Respect des traditions malgaches
Si ce crâne est important pour le rituel du bain des reliques royales, qui célèbre tous les quatre ans ce roi devenu, au-delà de la côte ouest, un symbole de la résistance malgache à la colonisation, le rassemblement dans un même lieu des ossements d'un défunt, sur la Grande Île, est essentiel pour le respect des traditions et des croyances.
« Quelqu'un qui meurt en dehors de son Tanindrazana ("terre des ancêtres"), c'est quelque chose qui est inadmissible dans la culture malgache, souligne Bako Rasoarifetra, historienne et membre de la commission mixte scientifique. Donc si ces crânes reviennent, c'est une fierté pour toute la population malgache, et pas seulement pour les Sakalava. Parce que c'est considéré comme "quelqu'un qui revient au pays" ».
Un crâne a été identifié comme appartenant certainement au roi Toera. Impossible cependant de pouvoir l'attester à 100 %. « Que ce soit le bon ou pas, le fait qu'il soit un crâne pris dans un contexte de violences coloniales est suffisant pour qu'il soit restitué », martèle l'historienne Klara Boyer-Rossol.
« Permettre aux peuples de disposer de leur patrimoine »
De passage à Madagascar du 17 au 22 décembre pour renforcer la coopération muséale et patrimoniale entre la Grande Île et la France, Jean-Luc Martinez s'est confié sur le processus en cours autour de la restitution des crânes sakalava.

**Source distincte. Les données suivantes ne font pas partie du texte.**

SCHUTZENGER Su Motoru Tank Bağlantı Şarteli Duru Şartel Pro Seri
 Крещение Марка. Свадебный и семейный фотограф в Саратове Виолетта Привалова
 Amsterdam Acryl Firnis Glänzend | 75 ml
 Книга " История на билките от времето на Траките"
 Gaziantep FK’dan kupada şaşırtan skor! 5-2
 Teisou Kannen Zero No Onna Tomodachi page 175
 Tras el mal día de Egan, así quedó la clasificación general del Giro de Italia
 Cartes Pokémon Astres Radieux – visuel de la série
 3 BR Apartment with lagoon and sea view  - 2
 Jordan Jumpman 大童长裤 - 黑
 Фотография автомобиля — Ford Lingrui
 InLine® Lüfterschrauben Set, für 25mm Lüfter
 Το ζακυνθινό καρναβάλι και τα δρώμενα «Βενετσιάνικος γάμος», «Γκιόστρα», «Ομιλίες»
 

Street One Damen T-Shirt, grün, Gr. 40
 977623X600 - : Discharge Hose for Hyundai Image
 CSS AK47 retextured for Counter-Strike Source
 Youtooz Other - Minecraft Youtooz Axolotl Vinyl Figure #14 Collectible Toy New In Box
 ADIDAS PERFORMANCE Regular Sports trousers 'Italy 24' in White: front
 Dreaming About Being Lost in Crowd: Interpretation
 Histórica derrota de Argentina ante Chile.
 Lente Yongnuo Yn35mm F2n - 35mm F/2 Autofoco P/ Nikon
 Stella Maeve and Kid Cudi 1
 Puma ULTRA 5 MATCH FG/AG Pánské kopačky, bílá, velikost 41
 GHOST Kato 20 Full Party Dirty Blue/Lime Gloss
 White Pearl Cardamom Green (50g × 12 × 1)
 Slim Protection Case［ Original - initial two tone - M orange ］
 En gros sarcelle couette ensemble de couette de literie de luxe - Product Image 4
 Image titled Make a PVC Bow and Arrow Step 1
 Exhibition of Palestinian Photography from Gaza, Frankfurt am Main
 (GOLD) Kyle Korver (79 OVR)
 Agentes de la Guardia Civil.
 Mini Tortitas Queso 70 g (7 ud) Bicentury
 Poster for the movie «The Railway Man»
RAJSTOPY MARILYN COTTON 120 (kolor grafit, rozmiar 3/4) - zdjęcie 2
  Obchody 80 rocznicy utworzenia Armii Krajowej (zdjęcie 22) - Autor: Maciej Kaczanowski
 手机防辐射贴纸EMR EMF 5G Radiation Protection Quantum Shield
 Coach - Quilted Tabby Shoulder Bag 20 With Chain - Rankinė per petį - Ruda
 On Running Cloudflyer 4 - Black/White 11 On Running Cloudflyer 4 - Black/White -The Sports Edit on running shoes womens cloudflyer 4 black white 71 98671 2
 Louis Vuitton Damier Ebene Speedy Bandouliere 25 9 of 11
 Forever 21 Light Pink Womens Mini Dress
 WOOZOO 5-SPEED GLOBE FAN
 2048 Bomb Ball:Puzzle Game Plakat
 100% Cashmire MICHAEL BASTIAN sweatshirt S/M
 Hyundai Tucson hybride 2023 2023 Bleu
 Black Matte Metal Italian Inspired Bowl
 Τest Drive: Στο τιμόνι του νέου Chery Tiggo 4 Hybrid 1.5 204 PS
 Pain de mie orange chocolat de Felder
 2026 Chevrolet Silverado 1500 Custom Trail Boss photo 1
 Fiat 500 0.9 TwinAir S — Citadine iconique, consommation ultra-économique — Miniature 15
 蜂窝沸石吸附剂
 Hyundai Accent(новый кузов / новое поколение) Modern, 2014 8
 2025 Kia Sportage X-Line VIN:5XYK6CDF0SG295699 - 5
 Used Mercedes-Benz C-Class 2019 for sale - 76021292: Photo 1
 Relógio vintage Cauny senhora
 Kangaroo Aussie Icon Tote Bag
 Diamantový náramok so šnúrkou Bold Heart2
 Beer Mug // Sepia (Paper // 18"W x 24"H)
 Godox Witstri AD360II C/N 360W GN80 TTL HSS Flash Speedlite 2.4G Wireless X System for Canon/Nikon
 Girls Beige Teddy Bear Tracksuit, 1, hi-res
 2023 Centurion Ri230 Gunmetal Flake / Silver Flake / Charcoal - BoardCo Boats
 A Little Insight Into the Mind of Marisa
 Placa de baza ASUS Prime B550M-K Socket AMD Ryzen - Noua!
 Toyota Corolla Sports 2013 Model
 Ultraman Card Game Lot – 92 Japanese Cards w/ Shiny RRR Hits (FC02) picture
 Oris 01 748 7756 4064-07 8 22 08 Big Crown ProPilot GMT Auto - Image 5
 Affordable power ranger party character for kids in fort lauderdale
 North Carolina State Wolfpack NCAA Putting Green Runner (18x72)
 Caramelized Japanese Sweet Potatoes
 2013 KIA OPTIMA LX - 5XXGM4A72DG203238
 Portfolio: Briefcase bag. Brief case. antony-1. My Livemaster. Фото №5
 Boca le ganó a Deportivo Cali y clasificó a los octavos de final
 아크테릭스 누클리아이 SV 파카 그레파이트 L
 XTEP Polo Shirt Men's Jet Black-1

Selon cet ambassadeur de France pour la coopération internationale dans le domaine du patrimoine, grâce au travail constructif réalisé par la commission scientifique franco-malgache, Madagascar devrait être le premier pays au monde à bénéficier du retour sur son sol de ces restes humains.
« La loi française de 2023 dit très précisément qu'il s'agit de redonner de la "dignité humaine" à ce qu'on appelle des restes humains. Pour les biens culturels, il s'agit aussi, conformément à tous les traités internationaux, de permettre aux peuples de disposer de leur patrimoine, précise Jean-Luc Martinez. Sur une dizaine de demandes faites à la France, il y en a huit qui concernent l'Afrique. Aujourd'hui, elles sont toutes en cours d'instruction. La démarche française, c'est d'associer les chercheurs des pays demandeurs, parce que ces questions sont délicates, mais il faut aussi laisser le temps de la science et aux scientifiques de se parler. »
Ces collections de restes humains ont été coupées de leurs archives. Du coup, on a perdu la mémoire et donc, il faut les identifier. C'est un travail lent, long, parfois peut-être impossible à faire. Mais ce travail de recherche doit être fait, avec sérieux, et c'est sur la base de ce rapport scientifique de fin décembre 2024 que, au premier trimestre 2025, la restitution sera possible.
Sarah Tétaud Le ministre de la Culture français devra donc soumettre un décret au Conseil d'État, pour acter définitivement le retour de ces crânes sacrés à Madagascar.